En estos días muy poca gente usa sombrero. Y normalmente se asocian con personas del campo o rancheros. Lo cual es un error, porque en la costa, los pescadores también usan sombreros, como mi abuelo, de palma para protegerse del sol y para no andar despeinados. Lo recuerdo cuando venía de pescar, sentado en la proa de la panga, sujetando el sombrero con su mano izquierda para que el viento no se lo llevara. Al bajar la velocidad la panga, se ponía de pie y daba indicaciones para atracarla sin que se golpeara con alguna roca. Desde la playa, sus nietos le hacíamos señas. El abuelo se quitaba el sombrero para indicarnos que nos había visto.

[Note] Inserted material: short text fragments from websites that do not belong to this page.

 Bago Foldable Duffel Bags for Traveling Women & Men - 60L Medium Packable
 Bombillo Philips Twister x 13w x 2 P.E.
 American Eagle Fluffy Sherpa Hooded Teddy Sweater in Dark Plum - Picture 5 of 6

Si nos regalaba una sonrisa, entonces el mar fue bueno ese día porque traía tiburón y vaqueta, por lo menos 150 kilos y a veces hasta 300: “gracias a Dios nos fue bien” decía. Cuando estaba serio, la pesca fue poca, pero mi abuelo era optimista: “Mañana Dios nos dará a nosotros, hoy les dio a otros”. Le ayudábamos con sus cosas de pesca y nos regalaba el lonche preparado por la abuela. (Por alguna razón misteriosa, este loche tenía un sabor delicioso, diferente a cualquier cosa. Dicen que es por la brisa marina… no lo sé de cierto, pero ese sabor ya nomás está en mis recuerdos).
Cuando mi apá Pancho iba a salir usaba el sombrero nuevo. Siempre estaba protegido con una bolsa de plástico del super MZ –ahora Santa Fe- y colocado arriba del ropero, lejos de nosotros y los dedos llenos de tierra, de tanto jugar a las canicas, el trompo o la raya. Después de bañarse, el abuelo se rasuraba.

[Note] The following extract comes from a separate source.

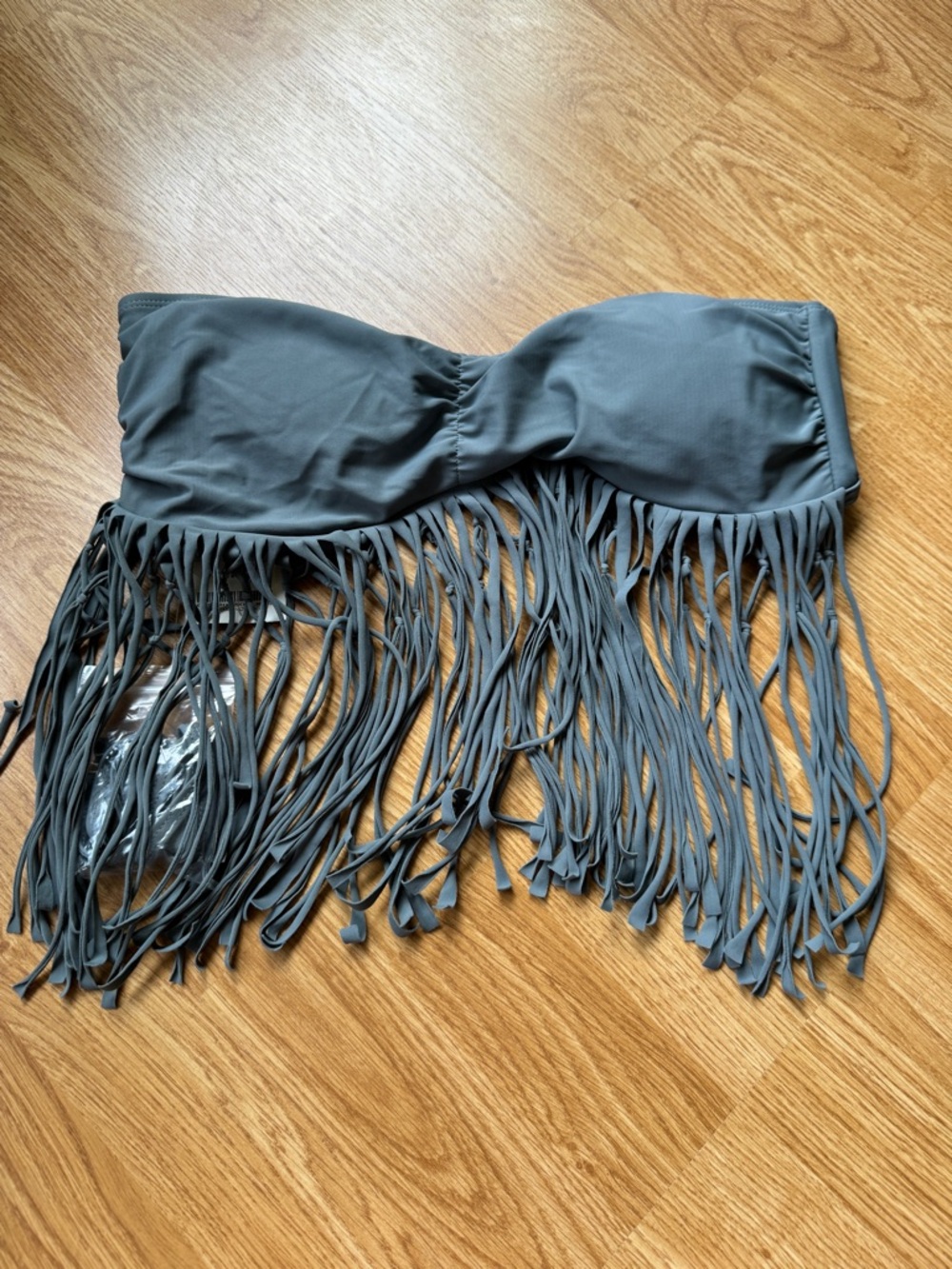 Fringe Bandeau Swim Top in Sage large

Me entretenía verlo recortando su bigote para dejarlo parejito, parejito. A mí se me afiguraba al bigotito del actor Luis Aguilar.
Luego se echaba loción. Mientras mi abuela le planchaba la guayabera, recuerdo una azul clarito muy bonita, el abuelo se fumaba un Fiesta, sentado en la poltrona. Después sacaba sus zapatos de tacón ancho, unos zapatos cafés oscuro, hasta ahorita no sé porque no usaba negros.
Metía el pañuelo en la bolsa trasera del pantalón caqui y lo último del atuendo era el sombrero. Con movimientos casi religiosos, lo sacaba de su envoltorio, como un niño que abre con cuidado un mazapán para no romperlo y meterlo entero en la boca. Con ternura le pasaba un trapito húmedo y el sombrero brillaba, como sonriendo. El abuelo se pasaba la mano izquierda por el pelo hacia atrás y con la derecha colocaba el sombrero nuevo. Se miraba en la luna del ropero. Se acomodaba bien la guayabera. Sobre su pecho tostado por el sol lucía un Cristo de oro, clavado en un ancla: el Cristo de los pescadores. Lo tocaba y se persignaba.
Sus pasos resonaban con sus zapatos de tacón ancho y con el sombrero nuevo se veía más alto. La abuela le hacía unos encargos y el prometía no olvidarlos.
Los callejones del barrio viejo de La Cantera, el barrio más antiguo de pescadores en Guaymas, se tragaban la figura de aquel hombre honesto y trabajador. Lo último que perdía de vista era su sombrero. “De grande quiero usar sombrero como mi abuelo” pensaba. Pero ahora, en estos días ya casi nadie usa sombrero.